Shannon Brennan, the late Marine's sister who lives in Charlottesville, Va., says Arlington is special because "you connect with other families here. We all need some time for quiet reflection."
'Every one has a story'Arlington National Cemetery has been a place of quiet reflection for almost 150 years. It now has nearly 4 million visitors annually and 300,000 "residents," as Poole calls them. "And every last one of them has a story."
Poole's book tells the stories of many of those buried in 70 sections across these rolling hills just across the Potomac from Washington, D.C. On Hallowed Ground is part history lesson, part tourist guide, part mystery novel.
And though it was a four-year project, Poole says his book "just scratches the surface" from the cemetery's Civil War beginnings in the 1860s to today's tourist must-see, the Changing of the Guard.
As is tradition on Veterans Day, President Obama is expected to lay a wreath this morning on the Tomb of the Unknown Soldier.
The solemnity of today's ceremony is a far cry from the political maneuverings of the cemetery's early years. To discourage the Custis-Lee family from returning to the family plantation that became the cemetery, for instance, Yankee officers were buried near Confederate Gen. Robert E. Lee's mansion, which still sits atop the cemetery grounds.
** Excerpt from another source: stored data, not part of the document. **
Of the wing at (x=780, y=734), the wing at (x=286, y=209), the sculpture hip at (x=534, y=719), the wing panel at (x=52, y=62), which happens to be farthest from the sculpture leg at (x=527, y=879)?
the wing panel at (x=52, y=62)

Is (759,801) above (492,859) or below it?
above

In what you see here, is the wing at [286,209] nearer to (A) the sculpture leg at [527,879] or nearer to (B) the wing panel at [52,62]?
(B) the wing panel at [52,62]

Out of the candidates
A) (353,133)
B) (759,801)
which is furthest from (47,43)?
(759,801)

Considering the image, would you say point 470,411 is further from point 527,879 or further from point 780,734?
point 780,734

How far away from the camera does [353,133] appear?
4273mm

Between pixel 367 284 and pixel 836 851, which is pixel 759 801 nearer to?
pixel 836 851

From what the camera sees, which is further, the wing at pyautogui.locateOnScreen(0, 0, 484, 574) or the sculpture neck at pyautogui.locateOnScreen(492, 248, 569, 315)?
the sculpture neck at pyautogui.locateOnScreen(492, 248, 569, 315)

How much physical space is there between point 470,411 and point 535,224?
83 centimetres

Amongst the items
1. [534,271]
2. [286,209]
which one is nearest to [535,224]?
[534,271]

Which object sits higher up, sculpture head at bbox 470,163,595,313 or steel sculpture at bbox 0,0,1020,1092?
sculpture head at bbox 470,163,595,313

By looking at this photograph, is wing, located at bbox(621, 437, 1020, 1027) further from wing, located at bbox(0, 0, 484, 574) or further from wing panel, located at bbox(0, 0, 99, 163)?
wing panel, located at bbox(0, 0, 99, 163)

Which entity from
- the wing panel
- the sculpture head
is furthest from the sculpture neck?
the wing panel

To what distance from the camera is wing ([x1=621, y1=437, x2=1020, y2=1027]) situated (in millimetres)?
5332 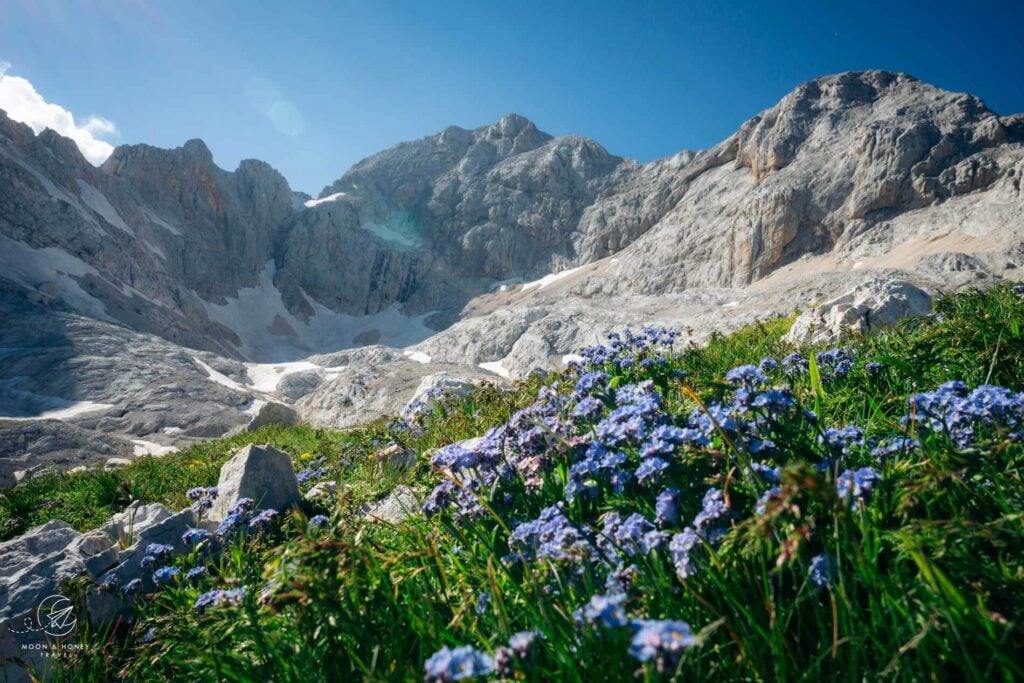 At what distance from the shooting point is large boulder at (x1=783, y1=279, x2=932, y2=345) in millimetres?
10125

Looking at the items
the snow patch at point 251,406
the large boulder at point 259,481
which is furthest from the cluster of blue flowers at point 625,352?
the snow patch at point 251,406

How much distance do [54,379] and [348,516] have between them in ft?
140

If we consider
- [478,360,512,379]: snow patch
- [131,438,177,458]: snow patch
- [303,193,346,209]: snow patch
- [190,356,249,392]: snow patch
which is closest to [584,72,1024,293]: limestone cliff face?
[478,360,512,379]: snow patch

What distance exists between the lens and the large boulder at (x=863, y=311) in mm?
10125

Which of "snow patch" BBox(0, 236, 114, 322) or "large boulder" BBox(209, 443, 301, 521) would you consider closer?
"large boulder" BBox(209, 443, 301, 521)

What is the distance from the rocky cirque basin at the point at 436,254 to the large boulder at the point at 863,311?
0.10 meters

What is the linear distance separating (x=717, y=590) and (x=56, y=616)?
4751 millimetres

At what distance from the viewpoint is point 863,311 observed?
424 inches

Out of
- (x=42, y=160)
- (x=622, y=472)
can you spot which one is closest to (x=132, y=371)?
(x=622, y=472)

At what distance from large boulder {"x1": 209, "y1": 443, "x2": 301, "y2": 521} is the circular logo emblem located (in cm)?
158

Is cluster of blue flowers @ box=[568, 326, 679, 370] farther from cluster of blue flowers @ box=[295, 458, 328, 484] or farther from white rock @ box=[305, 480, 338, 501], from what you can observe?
cluster of blue flowers @ box=[295, 458, 328, 484]

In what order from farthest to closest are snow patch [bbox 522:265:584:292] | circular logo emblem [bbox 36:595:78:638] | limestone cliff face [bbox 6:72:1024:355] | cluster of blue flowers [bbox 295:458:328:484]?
snow patch [bbox 522:265:584:292], limestone cliff face [bbox 6:72:1024:355], cluster of blue flowers [bbox 295:458:328:484], circular logo emblem [bbox 36:595:78:638]

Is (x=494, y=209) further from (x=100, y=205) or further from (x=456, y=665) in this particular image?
(x=456, y=665)

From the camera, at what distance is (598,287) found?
230ft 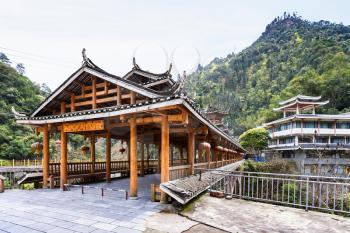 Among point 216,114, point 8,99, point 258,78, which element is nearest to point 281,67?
point 258,78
The rest is history. Rich history.
Two presidents are buried here John F. Kennedy and William Howard Taft along with eight Supreme Court justices and more than a handful of famous names: Abner Doubleday, Audie Murphy, Glenn Miller and boxer Joe Louis, to name just a few. Also buried on the grounds is Black Jack, the rambunctious "riderless" horse that took part in Kennedy's funeral procession after the president was assassinated in 1963.
But Pierre L'Enfant has the best view, at the top of the hill in front of Lee's mansion, overlooking the capital city he helped design.